What to work on
In the listing below, start your output at the line with "But like which" and end it after the line with "These are the", copying every line exactly.

—————

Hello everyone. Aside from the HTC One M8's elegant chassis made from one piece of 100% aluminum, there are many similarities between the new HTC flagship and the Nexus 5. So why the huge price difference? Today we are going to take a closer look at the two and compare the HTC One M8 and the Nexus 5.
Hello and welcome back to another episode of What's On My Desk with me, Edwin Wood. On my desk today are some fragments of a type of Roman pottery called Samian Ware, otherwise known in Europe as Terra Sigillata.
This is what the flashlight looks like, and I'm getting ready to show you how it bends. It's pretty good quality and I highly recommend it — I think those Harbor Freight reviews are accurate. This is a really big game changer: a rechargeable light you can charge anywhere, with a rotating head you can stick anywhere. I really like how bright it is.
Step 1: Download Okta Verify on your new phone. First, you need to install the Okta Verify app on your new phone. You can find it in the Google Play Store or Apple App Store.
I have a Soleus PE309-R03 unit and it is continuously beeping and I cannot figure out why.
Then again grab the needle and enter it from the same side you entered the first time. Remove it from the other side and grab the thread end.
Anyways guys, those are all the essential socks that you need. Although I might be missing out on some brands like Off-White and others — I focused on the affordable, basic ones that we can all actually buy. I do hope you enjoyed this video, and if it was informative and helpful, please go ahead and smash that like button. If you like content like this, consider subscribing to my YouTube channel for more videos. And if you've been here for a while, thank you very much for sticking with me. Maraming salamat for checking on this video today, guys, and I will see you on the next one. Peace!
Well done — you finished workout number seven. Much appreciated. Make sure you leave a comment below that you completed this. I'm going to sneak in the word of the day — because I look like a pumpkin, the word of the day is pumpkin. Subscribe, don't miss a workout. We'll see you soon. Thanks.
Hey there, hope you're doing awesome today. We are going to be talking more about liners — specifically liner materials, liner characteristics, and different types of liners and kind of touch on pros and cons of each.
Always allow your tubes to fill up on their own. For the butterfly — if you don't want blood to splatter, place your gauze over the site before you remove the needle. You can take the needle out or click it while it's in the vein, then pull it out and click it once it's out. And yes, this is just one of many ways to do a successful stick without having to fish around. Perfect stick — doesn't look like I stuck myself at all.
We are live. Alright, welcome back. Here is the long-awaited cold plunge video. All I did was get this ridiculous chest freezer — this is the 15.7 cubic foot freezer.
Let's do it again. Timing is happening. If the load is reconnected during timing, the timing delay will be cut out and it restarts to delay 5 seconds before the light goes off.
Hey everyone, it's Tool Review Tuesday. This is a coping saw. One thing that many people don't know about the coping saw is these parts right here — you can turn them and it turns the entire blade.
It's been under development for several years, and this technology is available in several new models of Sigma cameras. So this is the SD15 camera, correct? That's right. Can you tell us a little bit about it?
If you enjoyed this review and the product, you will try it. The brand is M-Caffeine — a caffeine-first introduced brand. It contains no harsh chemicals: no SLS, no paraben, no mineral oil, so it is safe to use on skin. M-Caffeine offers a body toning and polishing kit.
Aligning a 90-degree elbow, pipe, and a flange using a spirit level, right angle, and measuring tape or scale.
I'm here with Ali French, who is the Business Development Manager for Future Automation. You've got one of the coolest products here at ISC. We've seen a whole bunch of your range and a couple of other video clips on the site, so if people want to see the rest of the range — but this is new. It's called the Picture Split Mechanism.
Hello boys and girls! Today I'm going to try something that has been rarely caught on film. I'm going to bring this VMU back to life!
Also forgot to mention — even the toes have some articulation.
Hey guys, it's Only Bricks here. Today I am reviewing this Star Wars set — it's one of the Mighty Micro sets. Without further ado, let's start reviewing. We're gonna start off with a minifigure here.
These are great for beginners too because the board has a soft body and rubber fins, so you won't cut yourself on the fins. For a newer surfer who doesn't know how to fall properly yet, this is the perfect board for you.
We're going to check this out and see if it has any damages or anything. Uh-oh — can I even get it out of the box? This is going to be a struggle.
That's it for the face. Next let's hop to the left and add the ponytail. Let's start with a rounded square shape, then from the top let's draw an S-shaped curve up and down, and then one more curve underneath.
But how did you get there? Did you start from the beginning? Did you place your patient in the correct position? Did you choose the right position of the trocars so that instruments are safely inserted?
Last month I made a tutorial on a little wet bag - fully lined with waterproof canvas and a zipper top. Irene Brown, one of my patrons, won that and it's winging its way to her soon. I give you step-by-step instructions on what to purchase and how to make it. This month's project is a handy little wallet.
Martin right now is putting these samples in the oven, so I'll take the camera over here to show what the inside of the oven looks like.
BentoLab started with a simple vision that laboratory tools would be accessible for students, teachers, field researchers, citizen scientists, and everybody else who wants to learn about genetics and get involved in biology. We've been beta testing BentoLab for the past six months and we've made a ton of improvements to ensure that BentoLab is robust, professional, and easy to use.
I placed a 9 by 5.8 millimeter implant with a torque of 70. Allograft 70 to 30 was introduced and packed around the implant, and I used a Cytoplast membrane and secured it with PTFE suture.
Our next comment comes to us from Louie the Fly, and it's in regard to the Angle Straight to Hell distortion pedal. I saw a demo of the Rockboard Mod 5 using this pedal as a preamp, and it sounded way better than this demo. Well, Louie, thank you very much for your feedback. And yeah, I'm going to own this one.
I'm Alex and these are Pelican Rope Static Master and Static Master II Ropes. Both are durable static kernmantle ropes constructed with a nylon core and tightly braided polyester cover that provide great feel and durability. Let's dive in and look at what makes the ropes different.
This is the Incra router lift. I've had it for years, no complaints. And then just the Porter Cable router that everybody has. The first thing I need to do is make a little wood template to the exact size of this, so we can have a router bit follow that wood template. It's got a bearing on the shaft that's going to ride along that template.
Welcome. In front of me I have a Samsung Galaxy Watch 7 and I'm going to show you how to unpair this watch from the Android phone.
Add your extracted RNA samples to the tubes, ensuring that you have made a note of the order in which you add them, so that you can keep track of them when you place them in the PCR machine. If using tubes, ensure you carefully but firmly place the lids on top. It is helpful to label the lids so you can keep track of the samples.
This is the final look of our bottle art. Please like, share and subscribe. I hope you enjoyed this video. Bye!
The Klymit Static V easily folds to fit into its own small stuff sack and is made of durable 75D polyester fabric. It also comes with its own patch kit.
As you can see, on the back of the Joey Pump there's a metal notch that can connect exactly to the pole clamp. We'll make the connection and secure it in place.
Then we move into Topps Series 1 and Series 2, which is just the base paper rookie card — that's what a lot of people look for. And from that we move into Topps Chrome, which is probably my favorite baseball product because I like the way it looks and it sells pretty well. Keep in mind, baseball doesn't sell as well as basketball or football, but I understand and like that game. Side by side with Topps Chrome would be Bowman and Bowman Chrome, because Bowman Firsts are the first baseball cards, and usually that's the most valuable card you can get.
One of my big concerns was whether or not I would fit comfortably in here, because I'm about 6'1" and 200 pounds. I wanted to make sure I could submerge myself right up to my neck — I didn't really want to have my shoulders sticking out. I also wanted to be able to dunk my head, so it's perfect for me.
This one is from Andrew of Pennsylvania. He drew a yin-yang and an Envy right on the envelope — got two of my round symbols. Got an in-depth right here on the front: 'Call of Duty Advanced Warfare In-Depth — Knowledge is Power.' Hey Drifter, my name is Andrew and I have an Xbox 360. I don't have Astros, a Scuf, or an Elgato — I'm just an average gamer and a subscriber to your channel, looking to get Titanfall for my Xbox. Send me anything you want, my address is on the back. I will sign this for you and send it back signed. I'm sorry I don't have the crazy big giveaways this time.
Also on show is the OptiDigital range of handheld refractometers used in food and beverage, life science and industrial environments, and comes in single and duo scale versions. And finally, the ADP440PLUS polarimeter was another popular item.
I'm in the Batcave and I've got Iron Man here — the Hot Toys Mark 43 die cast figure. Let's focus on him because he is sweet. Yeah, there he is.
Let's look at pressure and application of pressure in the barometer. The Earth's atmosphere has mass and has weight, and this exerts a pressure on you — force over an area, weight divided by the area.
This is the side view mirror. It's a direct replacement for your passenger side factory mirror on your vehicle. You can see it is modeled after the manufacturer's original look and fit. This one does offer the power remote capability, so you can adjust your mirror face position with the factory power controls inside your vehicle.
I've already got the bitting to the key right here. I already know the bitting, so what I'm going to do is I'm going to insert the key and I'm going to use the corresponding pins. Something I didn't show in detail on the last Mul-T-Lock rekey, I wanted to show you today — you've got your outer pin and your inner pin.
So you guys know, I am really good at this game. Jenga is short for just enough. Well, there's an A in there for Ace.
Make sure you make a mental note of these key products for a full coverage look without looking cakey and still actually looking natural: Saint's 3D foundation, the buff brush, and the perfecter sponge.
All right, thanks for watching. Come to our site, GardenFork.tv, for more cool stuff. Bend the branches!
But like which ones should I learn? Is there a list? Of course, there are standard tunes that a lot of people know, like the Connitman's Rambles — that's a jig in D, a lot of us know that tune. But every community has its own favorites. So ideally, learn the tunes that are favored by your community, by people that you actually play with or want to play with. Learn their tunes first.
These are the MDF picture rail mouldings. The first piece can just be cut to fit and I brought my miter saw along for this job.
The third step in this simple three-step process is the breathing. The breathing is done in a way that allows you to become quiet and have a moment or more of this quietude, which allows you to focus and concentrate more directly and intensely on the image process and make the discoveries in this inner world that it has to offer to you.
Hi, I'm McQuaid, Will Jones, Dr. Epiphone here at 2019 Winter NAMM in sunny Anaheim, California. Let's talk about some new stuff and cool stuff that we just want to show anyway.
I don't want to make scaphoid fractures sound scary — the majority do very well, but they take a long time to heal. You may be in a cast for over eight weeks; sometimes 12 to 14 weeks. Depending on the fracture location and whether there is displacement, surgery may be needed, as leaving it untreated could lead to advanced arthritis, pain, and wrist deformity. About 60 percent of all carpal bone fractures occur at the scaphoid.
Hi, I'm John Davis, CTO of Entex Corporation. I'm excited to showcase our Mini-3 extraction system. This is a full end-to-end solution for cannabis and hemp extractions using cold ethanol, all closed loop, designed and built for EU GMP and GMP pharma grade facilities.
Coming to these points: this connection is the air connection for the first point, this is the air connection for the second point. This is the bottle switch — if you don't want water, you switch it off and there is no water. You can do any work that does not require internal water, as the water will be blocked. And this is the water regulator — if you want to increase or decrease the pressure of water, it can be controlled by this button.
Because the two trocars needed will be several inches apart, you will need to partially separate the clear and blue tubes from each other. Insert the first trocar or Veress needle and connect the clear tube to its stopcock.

—————

Task answer
But like which ones should I learn? Is there a list? Of course, there are standard tunes that a lot of people know, like the Connitman's Rambles — that's a jig in D, a lot of us know that tune. But every community has its own favorites. So ideally, learn the tunes that are favored by your community, by people that you actually play with or want to play with. Learn their tunes first.
These are the MDF picture rail mouldings. The first piece can just be cut to fit and I brought my miter saw along for this job.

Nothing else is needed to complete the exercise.